A reforçada presença destes mercenários na Ucrânia está a ampliar os receios por parte dos membros da NATO de que a Rússia pode tentar engendrar um pretexto que justifique a invasão.
“É provável que mercenários russos, sob as ordens do estado russo, se envolvam em atos hostis na Ucrânia, que podem incluir potencialmente um pretexto para uma invasão”, fez notar um dos membros dos serviços de segurança ocidentais.
As fontes citadas pela Reuters estão preocupadas com a possibilidade de que a incursão russa na Ucrânia seja precedida por uma guerra de informação e por ataques informáticos a infraestruturas críticas do país, como as redes de eletricidade e de gás.
Moscovo pode usar estes mercenários para semear a discórdia e avançar com assassinatos de alvos específicos.

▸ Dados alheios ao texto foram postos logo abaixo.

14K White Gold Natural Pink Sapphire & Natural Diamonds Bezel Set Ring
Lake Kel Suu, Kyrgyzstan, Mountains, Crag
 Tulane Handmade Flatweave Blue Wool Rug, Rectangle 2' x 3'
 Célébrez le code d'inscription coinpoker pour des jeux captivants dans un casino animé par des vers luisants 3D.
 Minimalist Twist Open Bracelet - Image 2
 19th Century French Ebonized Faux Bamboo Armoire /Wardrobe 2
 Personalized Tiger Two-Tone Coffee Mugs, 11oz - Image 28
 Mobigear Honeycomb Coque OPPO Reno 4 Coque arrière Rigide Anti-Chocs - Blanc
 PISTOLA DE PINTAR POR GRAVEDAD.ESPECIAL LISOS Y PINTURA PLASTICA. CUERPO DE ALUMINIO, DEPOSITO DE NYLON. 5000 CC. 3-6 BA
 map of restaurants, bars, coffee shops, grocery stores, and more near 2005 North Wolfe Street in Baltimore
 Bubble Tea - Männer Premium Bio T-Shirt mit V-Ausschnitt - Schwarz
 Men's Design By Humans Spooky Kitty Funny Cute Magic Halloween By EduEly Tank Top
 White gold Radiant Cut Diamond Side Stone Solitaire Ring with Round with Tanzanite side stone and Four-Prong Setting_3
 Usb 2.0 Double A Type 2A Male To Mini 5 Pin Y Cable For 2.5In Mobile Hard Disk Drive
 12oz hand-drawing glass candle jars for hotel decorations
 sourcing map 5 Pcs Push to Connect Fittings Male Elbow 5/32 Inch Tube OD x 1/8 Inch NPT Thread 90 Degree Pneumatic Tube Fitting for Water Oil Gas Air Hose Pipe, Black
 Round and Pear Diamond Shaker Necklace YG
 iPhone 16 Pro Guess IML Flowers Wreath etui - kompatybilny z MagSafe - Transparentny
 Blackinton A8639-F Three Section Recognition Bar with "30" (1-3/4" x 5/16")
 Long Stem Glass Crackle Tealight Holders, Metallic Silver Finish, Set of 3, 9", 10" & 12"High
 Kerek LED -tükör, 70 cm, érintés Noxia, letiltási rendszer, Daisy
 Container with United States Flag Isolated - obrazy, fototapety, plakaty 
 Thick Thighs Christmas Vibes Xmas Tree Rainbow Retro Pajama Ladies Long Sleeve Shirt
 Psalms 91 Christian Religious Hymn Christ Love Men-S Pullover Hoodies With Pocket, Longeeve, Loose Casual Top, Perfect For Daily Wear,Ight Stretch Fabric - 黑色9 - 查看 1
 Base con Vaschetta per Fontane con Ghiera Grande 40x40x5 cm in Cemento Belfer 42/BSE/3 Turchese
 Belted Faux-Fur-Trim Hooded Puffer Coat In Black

Em resposta a estas informações, o Kremlin declarou hoje à Reuters que não está a reforçar a sua presença na Ucrânia, e que as tropas russas não estão e nunca estiveram presentes em território ucraniano.
No entanto, a Rússia tem vindo a aumentar o número de soldados que estão estacionadas na fronteira com a Ucrânia, o que tem gerado receios de uma invasão iminente por partes das forças russas.